• [To do]
Please output exactly the lines from the one containing "This is a 2010" through the end of the records below, leaving out any pictures.

• [Data records]
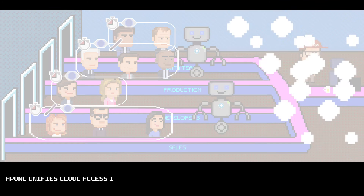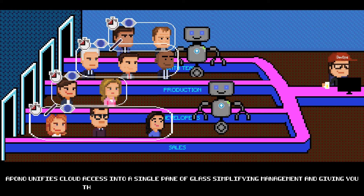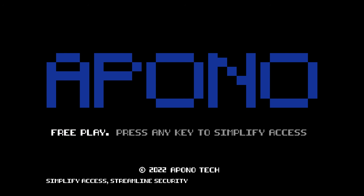Epono unifies cloud access into a single pane of glass, simplifying management and giving you the ability to securely automate access at any scale. Simplify access. Streamline security. Start your journey for free today.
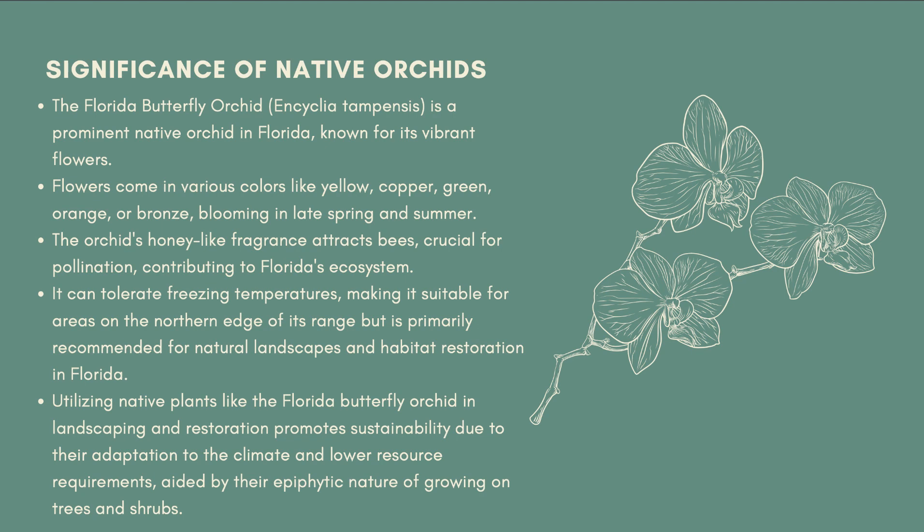In Florida, they are primarily recommended for natural landscapes and habitat restoration. Therefore, by using native plants such as the Florida butterfly orchid for general landscaping and restoration, it can be used as a sustainable practice because they are better adapted to their climate and require fewer resources to grow.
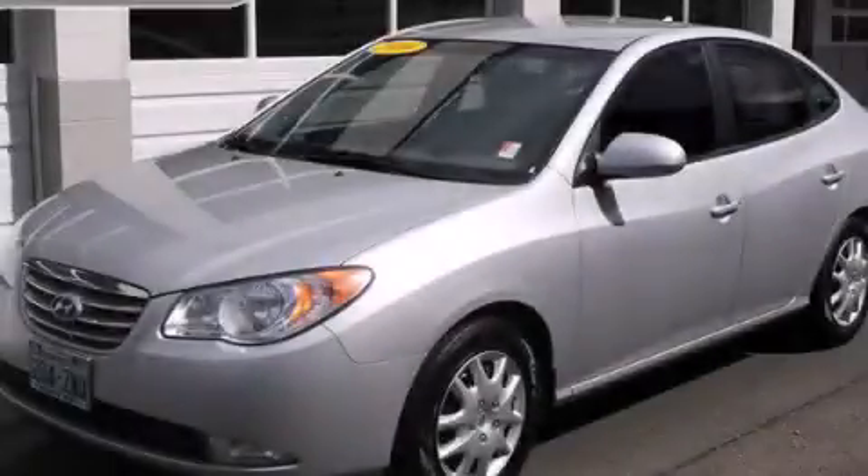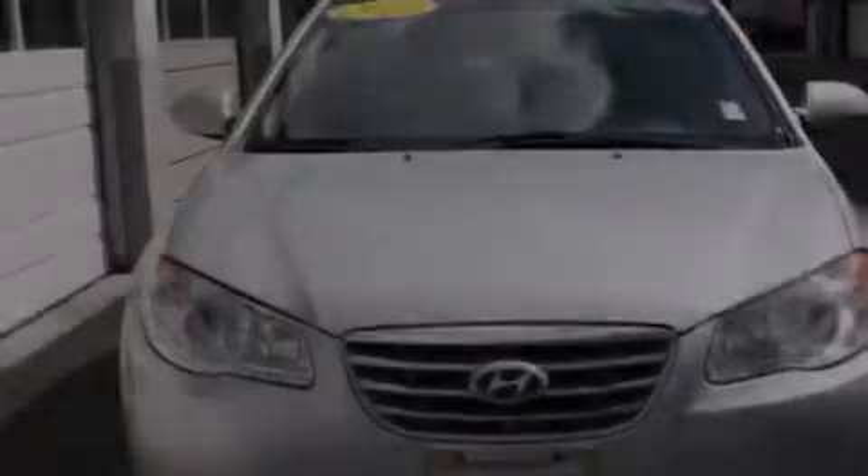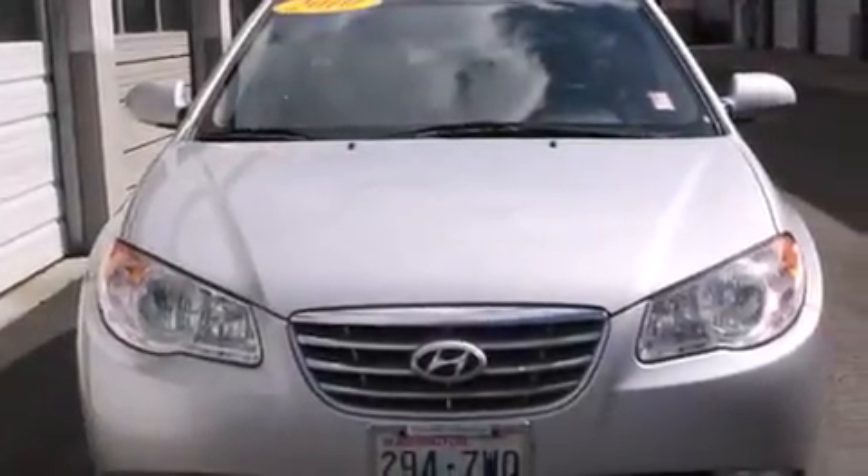This is a 2010 Hyundai Elantra. It has a 2.0-liter four-cylinder engine and an automatic transmission.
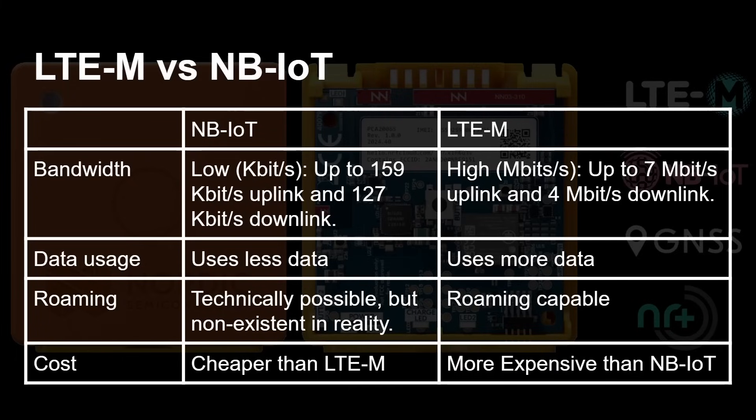Because of that bandwidth difference, there's a difference in data usage and cost when paying a telecom provider. Narrowband IoT sends much less data at lower speed; LTE-M sends more data at higher speed. Also, while narrowband IoT can technically cope with roaming, in practice it doesn't work well. LTE-M supports proper roaming — you can move around within a country or across countries and still get data back.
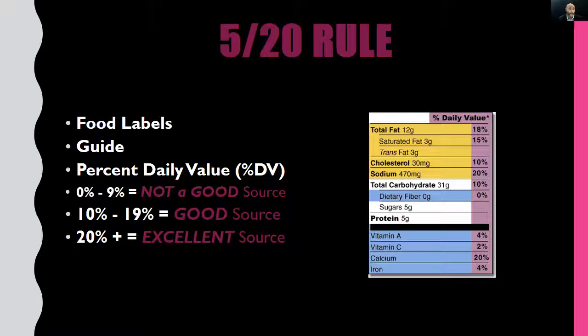Let's break down the 520 rule more specifically. If a food or beverage item offers anywhere from zero percent to nine percent DV of any particular nutrient, it is considered not a good source. If it offers 10 to 19 percent DV, it is considered a good source. And if it offers 20 percent DV or greater, it is considered an excellent source of that particular nutrient. There we have it — the ins and outs of the 520 rule.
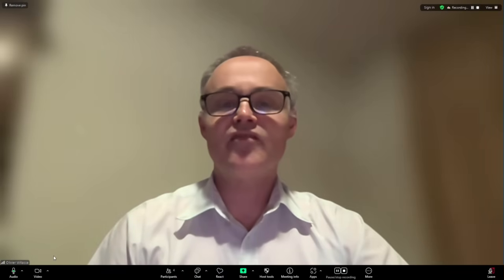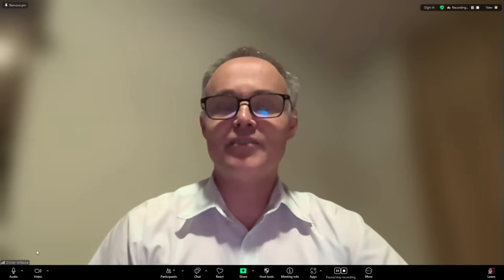Thank you so much for your time. It's about nine o'clock in the evening where you are, and 2:03 here in the Midwest. So thank you for being up late for us.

• [Task output]
This is a 2010 Hyundai Elantra. It has a 2.0-liter four-cylinder engine and an automatic transmission.
Because of that bandwidth difference, there's a difference in data usage and cost when paying a telecom provider. Narrowband IoT sends much less data at lower speed; LTE-M sends more data at higher speed. Also, while narrowband IoT can technically cope with roaming, in practice it doesn't work well. LTE-M supports proper roaming — you can move around within a country or across countries and still get data back.
Let's break down the 520 rule more specifically. If a food or beverage item offers anywhere from zero percent to nine percent DV of any particular nutrient, it is considered not a good source. If it offers 10 to 19 percent DV, it is considered a good source. And if it offers 20 percent DV or greater, it is considered an excellent source of that particular nutrient. There we have it — the ins and outs of the 520 rule.
Thank you so much for your time. It's about nine o'clock in the evening where you are, and 2:03 here in the Midwest. So thank you for being up late for us.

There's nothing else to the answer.